When a user logs in using the ONAP Portal Login, a cookie is created to record the logged-in session, and it includes the username and other parameters.

In our tutorial app so far we used “http://app-host:port/epsdk-app-os/login.htm” to login into the application.

This is called the external login, which is used a backdoor for developers to test the applications in a local environment, without having the entire Portal.

Now, when the application is ready and onboarded on to the Portal, we can now use “http://app_host:port/epsdk-app-os/welcome.htm” as the application onboarding URL in ONAP Portal.

Onboarding steps can be found here https://wiki.onap.org/display/DW/Application+Onboarding#ApplicationOnboarding-addapp.

The welcome.htm page code will try to read the session cookie from the browser to detect if there is a user that’s already logged-in into the ONAP Portal.

If a cookie is found, then this means a user is already logged-in to the ONAP Portal and the application welcome.htm page will display showing the application frontend in a tab inside ONAP Portal.

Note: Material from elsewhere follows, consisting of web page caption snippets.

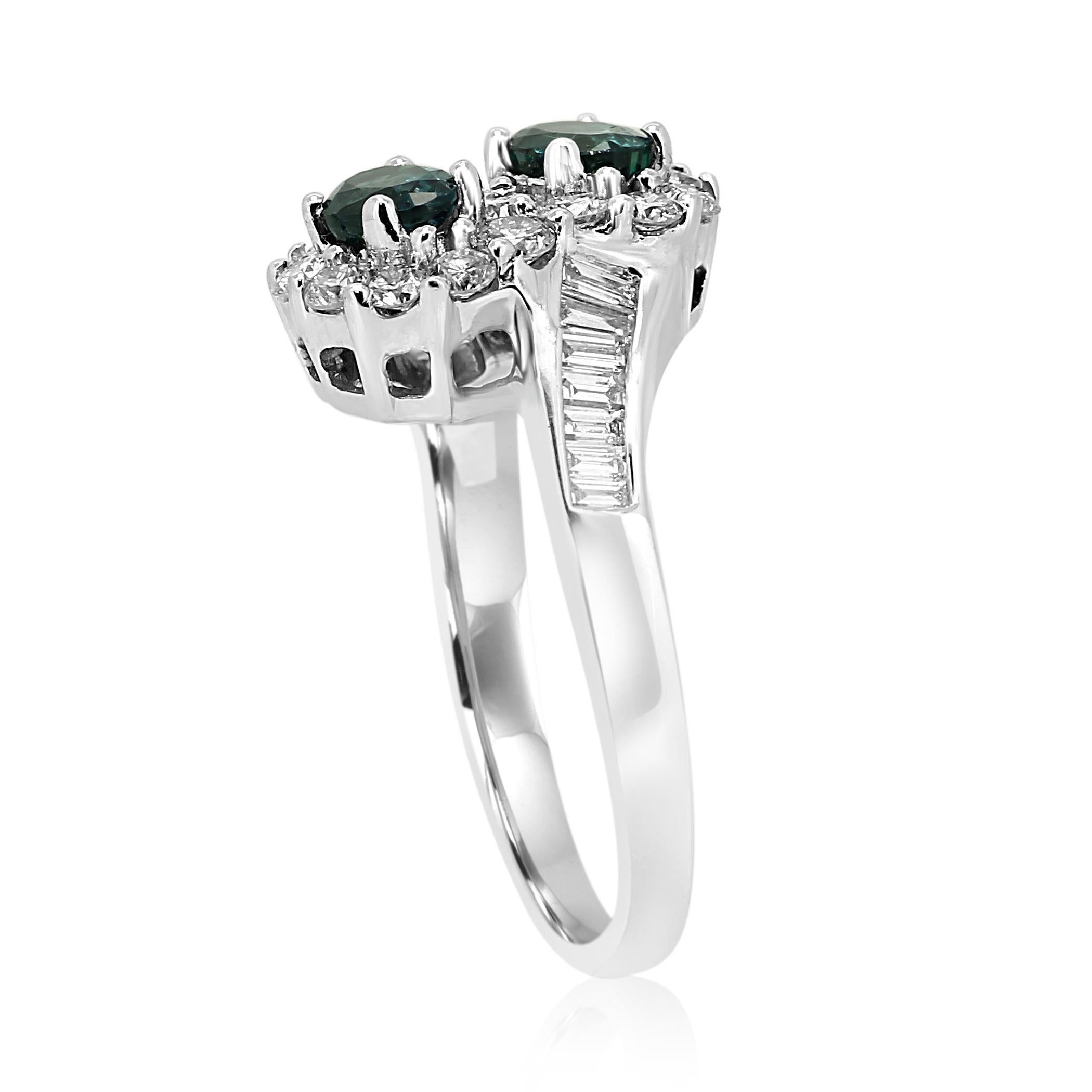 Alexandrite Diamond Halo Round Baguette White Gold Engagement Toi et Moi Ring For Sale 1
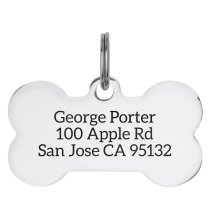 Stainless Steel Personalized Custom Bone Pet Id Tags Dog & Cat Pet Identification w/ Split Ring 40mm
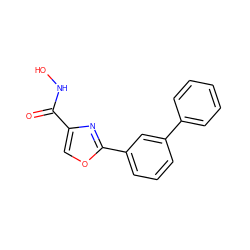 O=C(NO)c1coc(-c2cccc(-c3ccccc3)c2)n1 ZINC000653704244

However, if a cookie is not found, the code will look for the redirect URL listed in the WEB-INFO/classes/portal.properties file.

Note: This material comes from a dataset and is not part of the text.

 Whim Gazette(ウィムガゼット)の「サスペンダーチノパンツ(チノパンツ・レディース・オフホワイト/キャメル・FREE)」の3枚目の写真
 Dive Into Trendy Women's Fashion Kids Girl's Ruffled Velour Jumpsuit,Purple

Assuming the ecomp_redirect_url = http://portal.api.simpledemo.onap.org:8989/ONAPPORTAL/login.htm for Amsterdam release, then, the user will be redirected to the ONAP Portal login page to log in.

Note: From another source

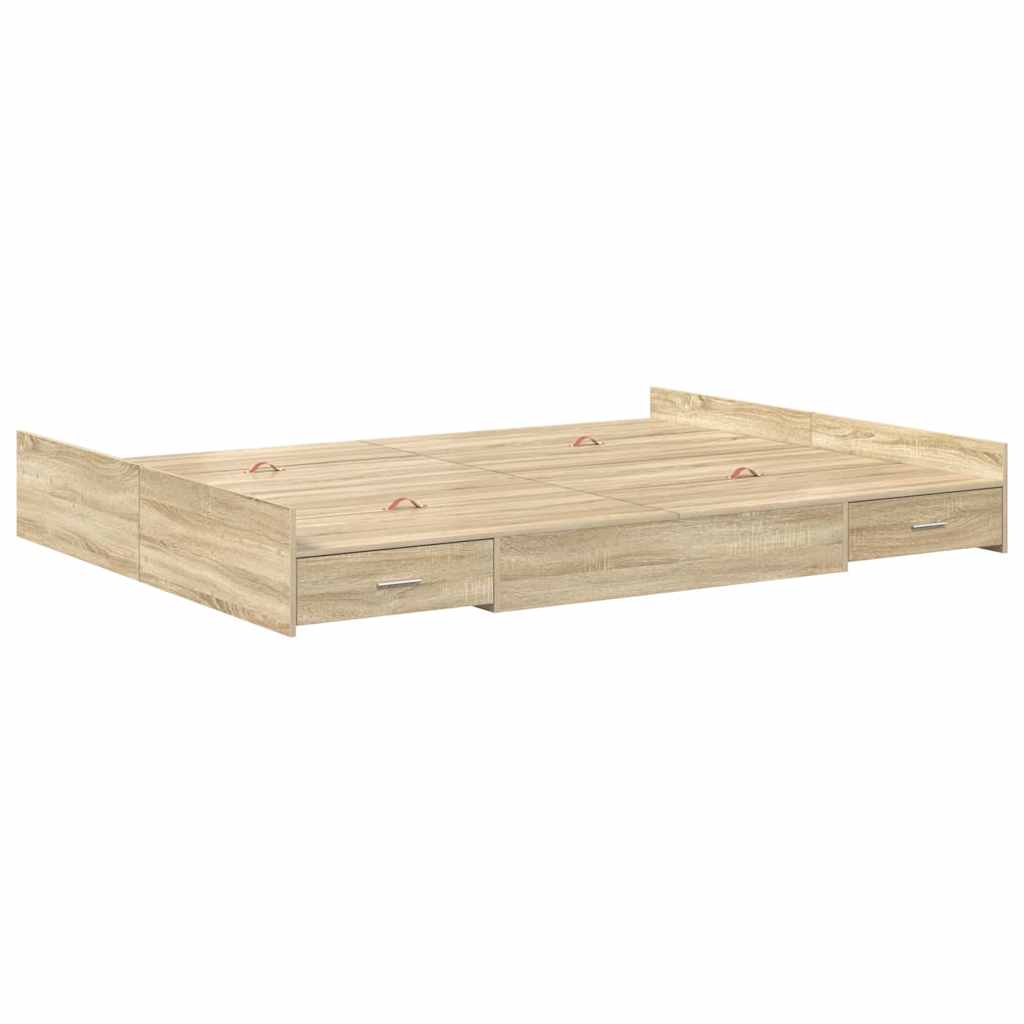 Storage Bed Frame Sonoma oak 135 x 190 cm Engineered wood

If the user login succeeds, the Portal login page will redirect the user back to the Application welcome page.

This should enable the application to use the Portal’s Single Signon.

Note that the ONAP Portal and its on-boarded application must be on the same domain (e.g. *.simpledemo.onap.org) to take advantage of the Single Signon.

Otherwise, if the application is hosted in a different domain, its code will not be able to read ONAP Portal session cookies.

Due to security reasons the ONAP Portal restricts to one domain (defined in the properties) across the applications on-boarded to it.

However, if the application is not interested in single signon feature, then the new application can be always be on-boarded as a “Hyperlink only application” which will be opened into a new browser rather than the internal Portal’s tab.